Так пророчествовал Троцкий в 1914 году. Это — предварительная картина того, что стало действительностью в 1918 году в Брест-Литовске. На первый взгляд кажется, что здесь большая разница: менее, чем через год после подписания Брестского мира Германия потерпела военное поражение. Но это не меняет того, что Троцкий сказал о внутренней слабости преждевременной революции. Немецкое оружие привело к свержению царизма. Оно же несет ответственность за свержение Керенского и, таким образом, за преждевременность и слабость большевистской революции. Если бы Троцкий тогда или позже был откровенен, он мог бы с полным правом назвать эту революцию «историческим выкидышем». Слабость революции была известна ему. Эта слабость подтверждала его упрямую веру в созданную им за несколько лет до того, в европейском изгнании, теорию перманентной революции, которая сводится, вкратце, к следующему: удержание политической власти русским революционным правительством и развитие государственной промышленности, но никаких попыток революционного, социалистического преобразования всей страны, включая и сельское хо- 284 зяйство, пока революция на Западе не придет на помощь России и не проложит пути к социализму в международном масштабе. В перманентной революции Троцкий видел ответ на преждевременную революцию. Ленин тоже ожидал спасения от Европы. Но он никогда не думал, что революция может прийти раньше времени.

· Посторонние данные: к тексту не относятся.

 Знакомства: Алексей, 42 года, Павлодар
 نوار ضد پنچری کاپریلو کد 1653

В слабо развитой стране всегда бывает слабо развитый правящий класс,— свой или иноземный,— который в трудную минуту (мировая война и ее последствия, колониальные волнения и т. д.) может быть вынужден сдать территорию слишком слабую или слишком бедную для дорогостоящих социальных преобразований. Отсталая и слабая Россия созрела для насильственной революции, но не для социализма. Так оценивал Троцкий перспективы России до 1917 года. А когда комиссар по иностранным делам Троцкий приехал в 1918 году в Брест-Литовск, чтобы сбить с толку и вызвать на борьбу генералов кайзера, советская Россия была слаба.

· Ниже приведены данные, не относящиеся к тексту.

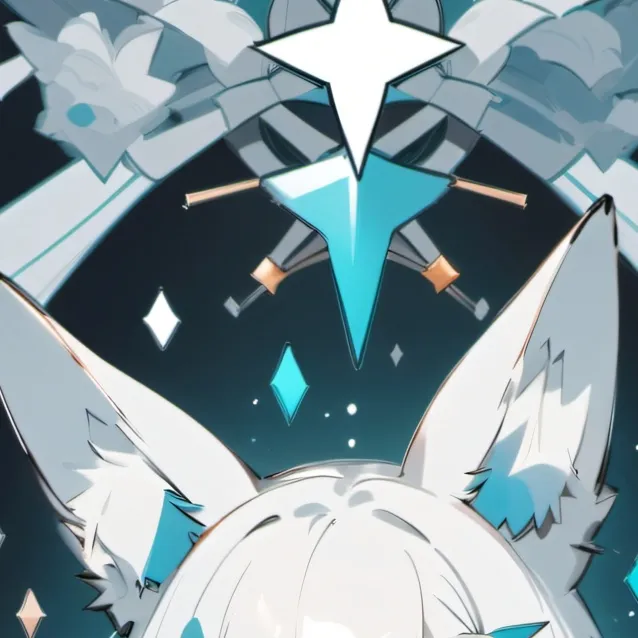 chat with ai character: Nessa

Ленин писал без конца, но не был литератором. Троцкий любил слова. Он понимал значение слов в революции, когда с помощью их можно было развеять отчаяние и вселить в сердца надежду. Он знал, как слабы слова перед лицом «старой расы Гинденбургов, Мольтке, Клуков — наследственных специалистов в деле массовых убийств». Он был слишком умен, чтобы тратить энергию на пропаганду среди генералов и фельдмаршалов. Вместо этого он сосредоточился на другой задаче: положить конец империалистической войне, начав гражданские войны во всех враждующих странах. Ленин сформулировал эту идею до большевистской революции. Эта революция показала, как вывести одну страну из войны. Троцкий хотел, чтобы другие народы последовали примеру России. Такова была его сильнейшая карта, его прекраснейшая иллюзия, когда в январе 1918 года он подъезжал к Брест-Литовску.